** Records to use follows **

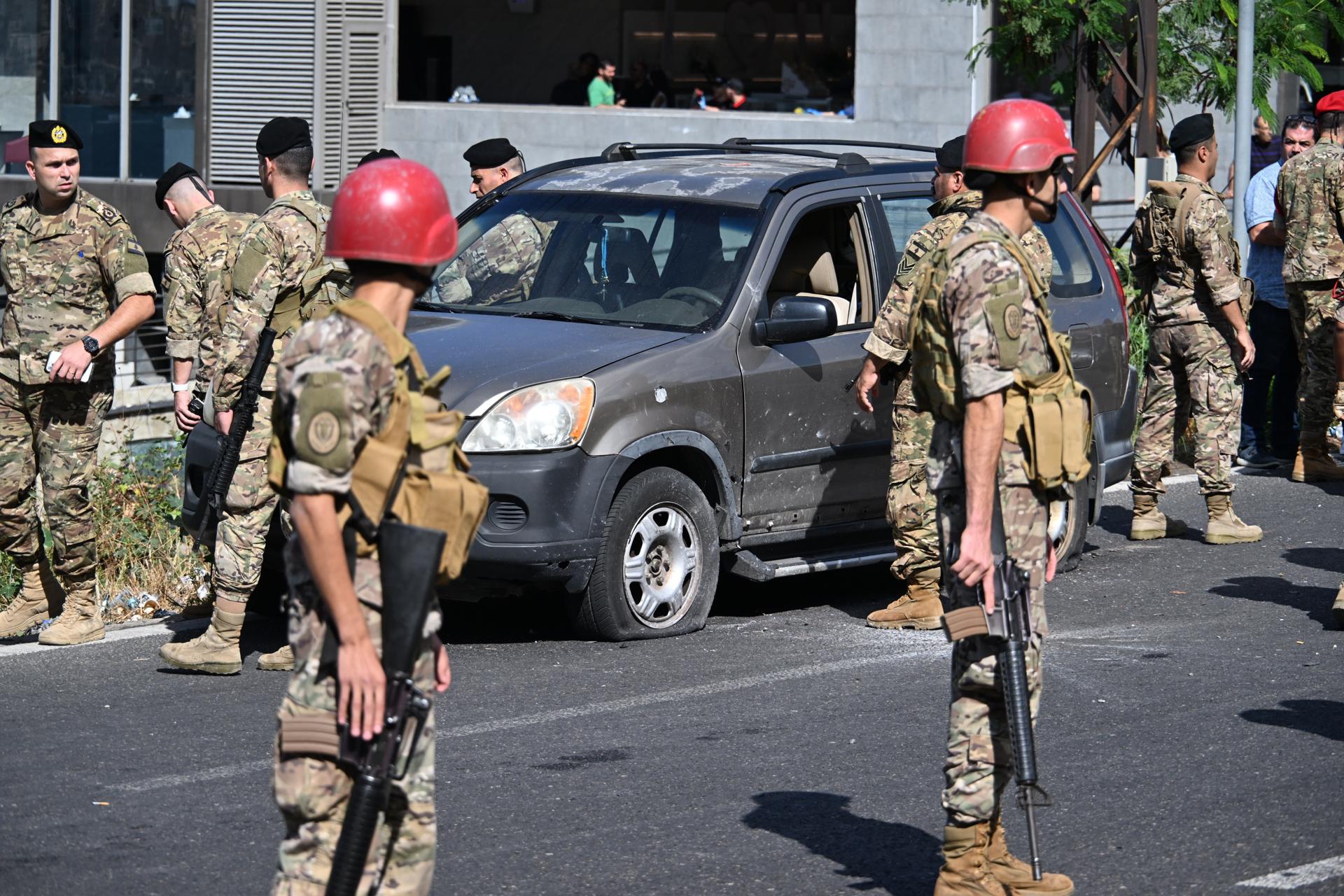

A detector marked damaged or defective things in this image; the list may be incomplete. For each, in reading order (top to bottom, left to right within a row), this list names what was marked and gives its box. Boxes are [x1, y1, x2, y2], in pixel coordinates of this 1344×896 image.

cracked windshield [423, 193, 756, 329]
damaged suv [412, 140, 1131, 641]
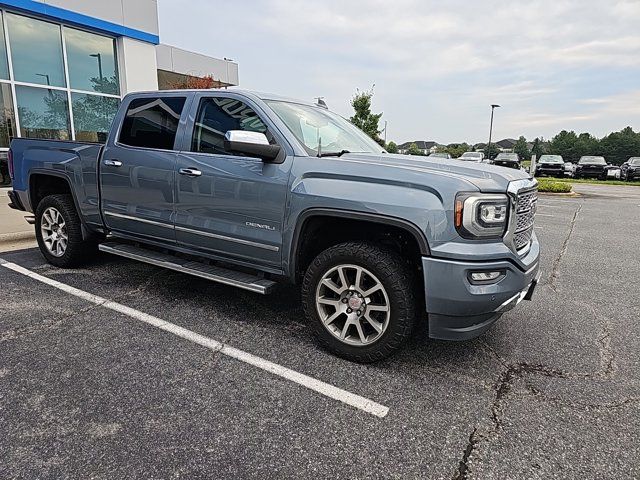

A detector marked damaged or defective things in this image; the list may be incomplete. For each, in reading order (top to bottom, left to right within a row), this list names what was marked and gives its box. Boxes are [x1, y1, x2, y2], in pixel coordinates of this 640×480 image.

pavement crack [548, 202, 584, 290]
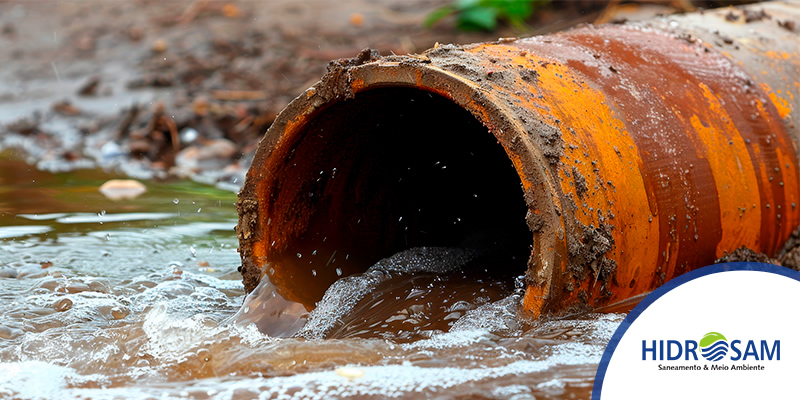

** End of Records to use **

▶ _To do_
Nothing should be printed except the lines from the one with "this 640×480 image." through the last line of the listing above, both ends included; please drop the pictures.

▶ _Completed exercise_
A detector marked damaged or defective things in this image; the list may be incomplete. For each, in reading order (top to bottom, left to right within a row), this list names what was marked and gives its box. Boxes are [x1, y1, x2, y2], in pixel coordinates of this 640×480 image.

pavement crack [548, 202, 584, 290]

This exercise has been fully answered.